====== Material for the task
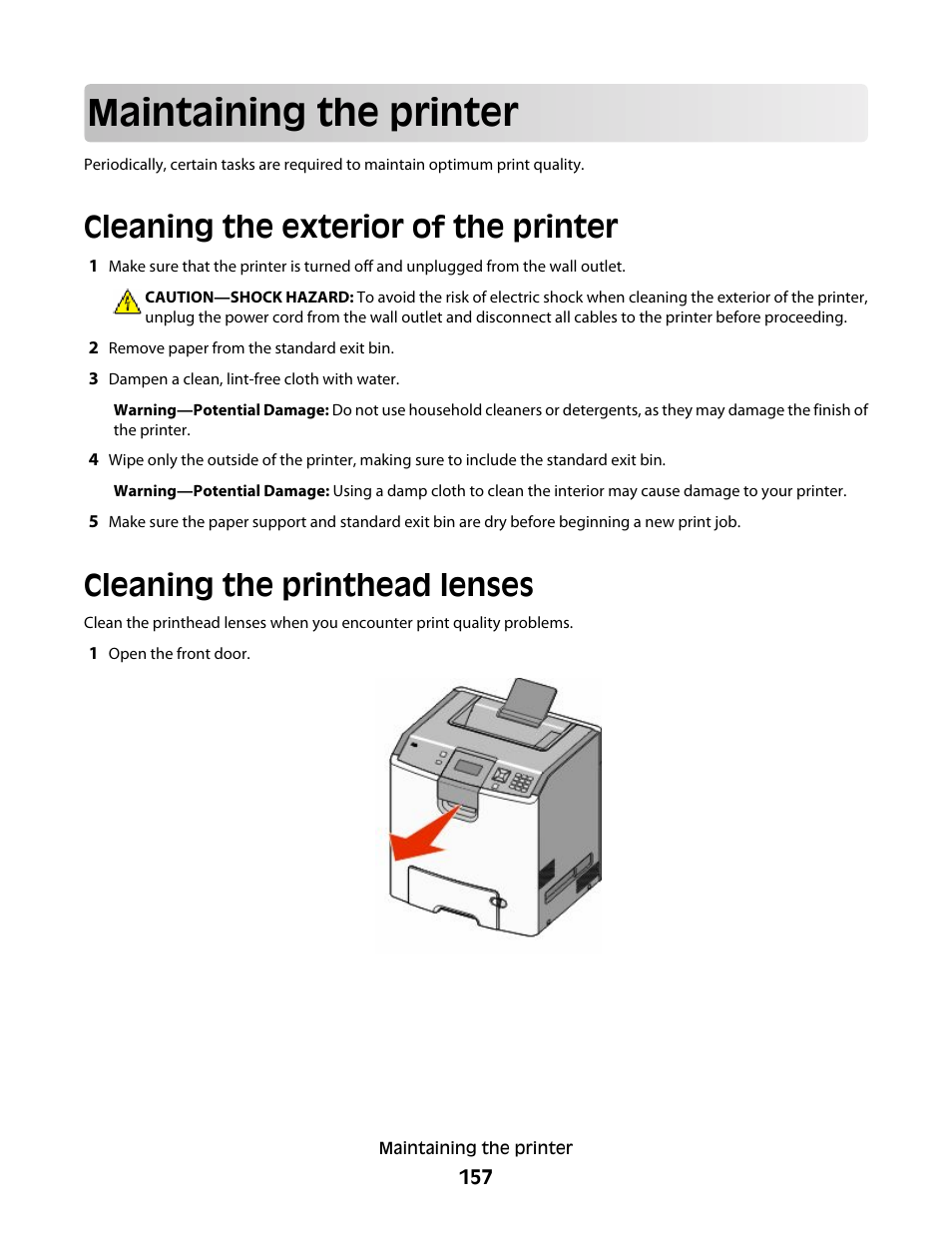 Maintaining the printer, Cleaning the exterior of the printer, Cleaning the printhead lenses | Lexmark 280 User Manual | Page 157 / 217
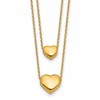 14K Polished Two-Strand Hearts with 1 Inch Ext. Necklace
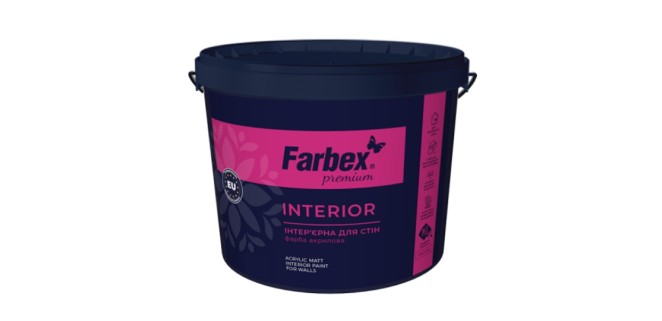Фарба інтер'єрна високоякісна водно-дисперсійна акрилова Farbex Interior, 14 кг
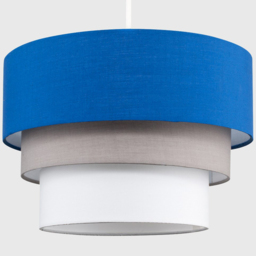 ValueLights Aztec 3-Tier Blue Fabric Ceiling Light Shade - Size: 30 x 20.5 x 30cm - Wilko - thumbnail 4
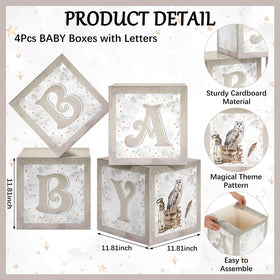 Chunful baby shower boxes with letters spelling BABY provide a festive centerpiece.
============
- **Exercise requirements**
Each line from the one that holds "ValueLights Aztec 3-Tier" through the end of the entries must be returned exactly, while any pictures stay out.

- **Answer space**
 ValueLights Aztec 3-Tier Blue Fabric Ceiling Light Shade - Size: 30 x 20.5 x 30cm - Wilko - thumbnail 4
 Chunful baby shower boxes with letters spelling BABY provide a festive centerpiece.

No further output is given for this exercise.